«Le vivre ensemble n’est possible que si nous respectons ensemble les règles communes. Au cas contraire, nous ouvrons une boite de pandore qui fera que le pays devienne de plus en plus ingouvernable.»

Le Congrès africain pour le progrès (Cap) s’attend à participer au « vrai dialogue » que convoquera le président de la République et non aux consultations sur la vie de l’Etat et de la nation. Pour son président, les leaders politiques congolais « jouent au dé avec l’avenir du pays ». Dans cette interview accordée à la veille de la reprise des consultations nationales, Jean Itadi dénonce « l’inconscience pure » de la classe politique congolaise et appelle au sens de responsabilité de tous.

Comment se porte le Cap ?

Jean Itadi : Il se porte très bien. Il n’y a aucun problème. Il continue d’avancer.

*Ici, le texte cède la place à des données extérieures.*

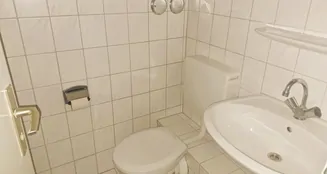 von_poll_real_estate_property_25064052D_image_6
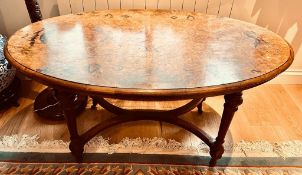 OVAL FIGURES WALNUT PARLOUR TABLE, APPROXIMATELY 137 x 80 x 73cm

Que peut dire de plus le Cap au-delà de la déclaration de boycott des consultations du Frocad auquel votre parti appartient ?

J.I : L’invitation du chef du cabinet du président de la République nous était adressée lundi pour des rencontres programmées 48 heures plus tard. Dans de tel délai, il est difficile de réunir tous les décideurs du Cap. Il est donc nécessaire d’expliquer les raisons de notre décision.

Comment des demandeurs de dialogue peuvent-ils refuser l’offre qui leur est faite ?

J.I : Nous sommes demandeurs d’un dialogue sans exclusive que nous avons même appelé états généraux de la nation depuis le 17 août 2012. Nous en sommes demandeurs bien avant 2009. On nous a servi ce que tout le monde sait : le Congo est un pays de dialogue permanent, Brazzaville, Ewo, Dolisie. Nous continuons à demander parce que les problèmes qui se posent sont d’une telle ampleur que les Congolais se doivent de parler. Nous ne sommes pas partis aux consultations parce que nous ne sommes pas appelés au dialogue.

Les consultations ne sont-elles pas un début du processus ?

J.I : Le communiqué de la présidence de la République est clair. La présidence invite la classe politique, les individualités, les associations, la société civile et les confessions religieuses à des consultations sur la vie de l’Etat et de la nation.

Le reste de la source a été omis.